1. 複数のバンクを順に切り換えながら、バンクごとのロウアドレスを印加してメモリアクセスする。
2. いずれかのバンクに戻り、そのバンクの、前回と同じロウアドレスを印加してメモリアクセスする。
ステップ1. 第1バンクBANK1のロウアドレスADRS_ROW1にアクセスする。
ステップ2. 第2バンクBANK2のロウアドレスADRS_ROW2にアクセスする。
ステップ3. 第3バンクBANK3のロウアドレスADRS_ROW3にアクセスする。
ステップ4. 第4バンクBANK4のロウアドレスADRS_ROW4にアクセスする。

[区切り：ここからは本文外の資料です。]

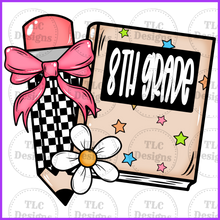 Load image into Gallery viewer, 1St Grade Pencil Daisy- All Grade Available Put In Notes Full Color Transfers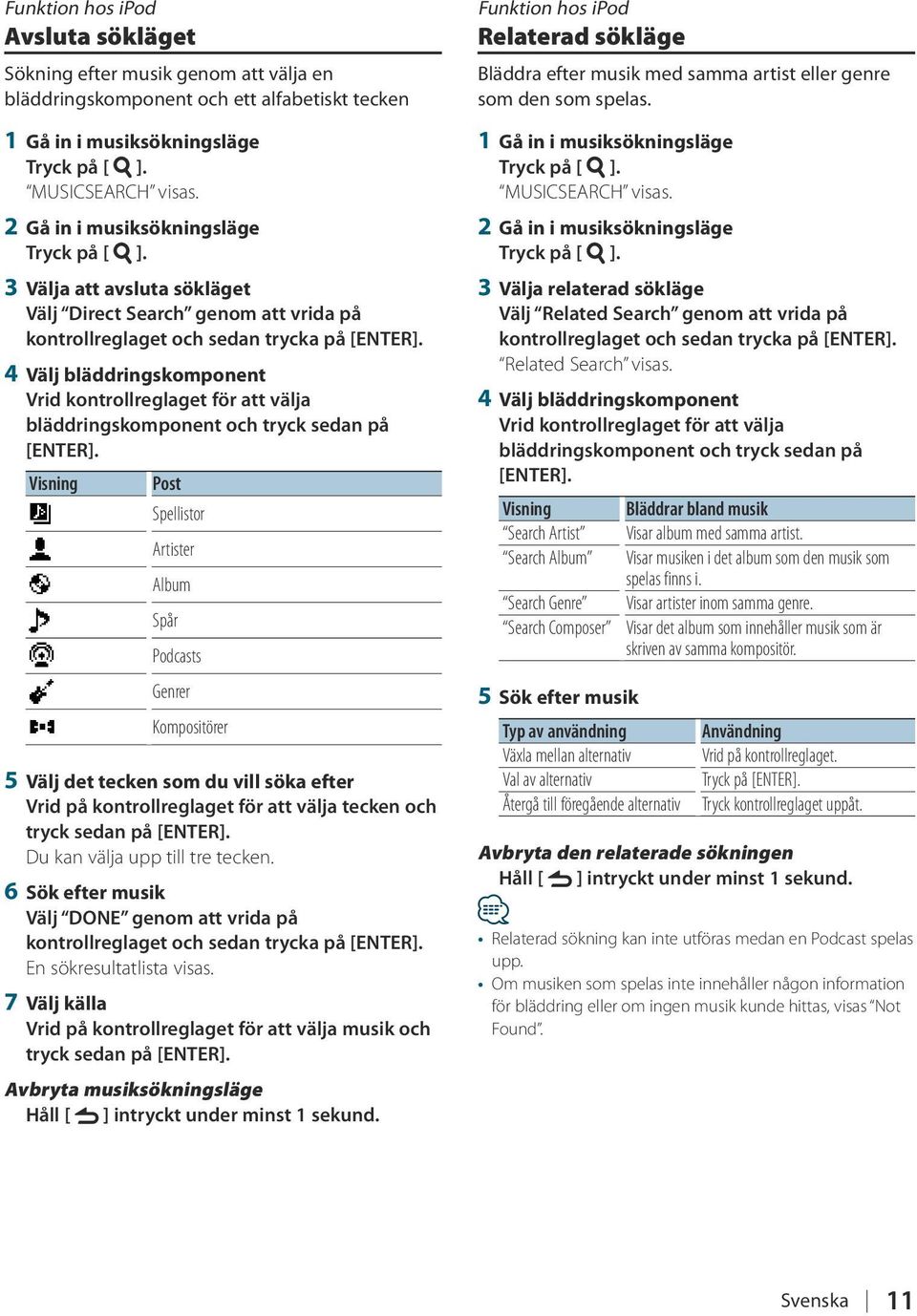 4 Välj bläddringskomponent Vrid kontrollreglaget för att välja bläddringskomponent och tryck sedan på [ENTER].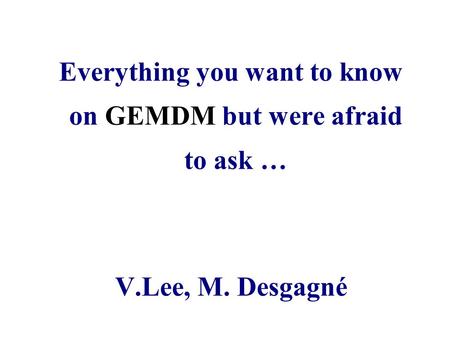 Everything you want to know on GEMDM but were afraid to ask … V.Lee, M. Desgagné.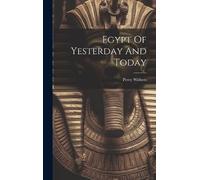 Percy Withers Egypt Of Yesterday And Today (Copertina rigida)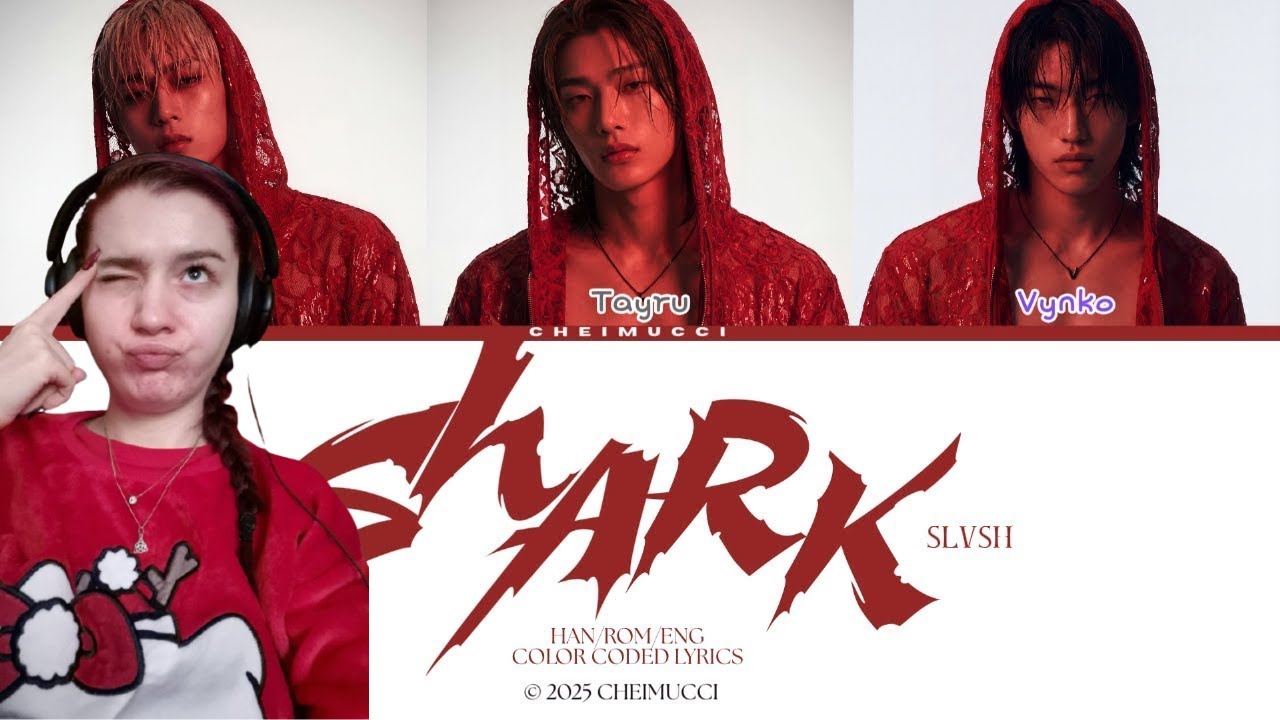 Reactionez la SLVSH (슬래시) piesa  'SHARK'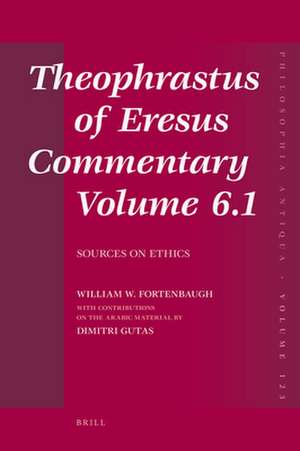 Theophrastus of Eresus Commentary Volume 6.1: Sources on Ethics de William Fortenbaugh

ステップ5. 再度、第1バンクBANK1のロウアドレスADRS_ROW1にアクセスする。
パターンプログラムによって、アクセス先の第1バンクBANK1を指定するバンクアドレスBAを含むメモリ制御信号MCNTが生成される。また、アドレス演算回路10によりDUT200のアクセス先を指定するロウアドレスADRS_ROW1、カラムアドレスADRS_COLが生成される。試験装置100は、メモリ制御信号MCNTに含まれるバンクアドレスBA、アドレスADRS_ROW1、ADRS_COLを利用してDUT200にアクセスする。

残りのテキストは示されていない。